From: John F. Sowa <sowa@xxxxxxxxxxx>
Sent: Sun, October 17, 2010 8:41:06 PM
Subject: Re: [ontolog-forum] Interpreting OWL
On 10/17/2010 5:29 PM, Pavithra wrote:
> What is the need to support acyclic structure vs cyclic ?
Any collection of relations among a discrete set of entities
can be represented by a labeled directed graph -- or by a
collection of tables, as in an RDB. (If there are infinitely
many entities, the graphs and tables may have to be infinite.)
For some applications, those graphs (or tables) don't have
cycles. But most applications (even for something as simple
as a benzene molecule) require graphs that have cycles.
To guarantee decidability of their inferencing methods, OWL
imposes constraints that make it impossible to say or imply
that the structure has cycles.
For some applications, it's possible to live with that restriction.
But for most applications, it's necessary to have a more general
knowledge representation language than OWL.

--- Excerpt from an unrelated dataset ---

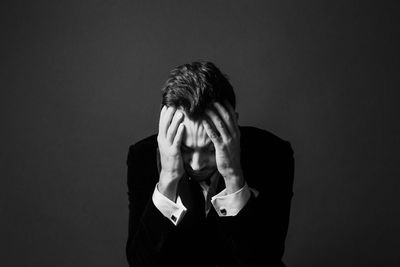 Tensed businessman sitting against gray background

On 10/17/2010 6:21 PM, Rich Cooper
> But wouldn’t that hierarchy [of professors & grad students]
> be a lattice instead of a tree?
That depends on what relation between prof & students you intend
to represent. The relation (X took a course from Y) could have
cycles. But the relation (X earned a PhD with Y as thesis advisor)
would be a tree, except in rather unusual circumstances.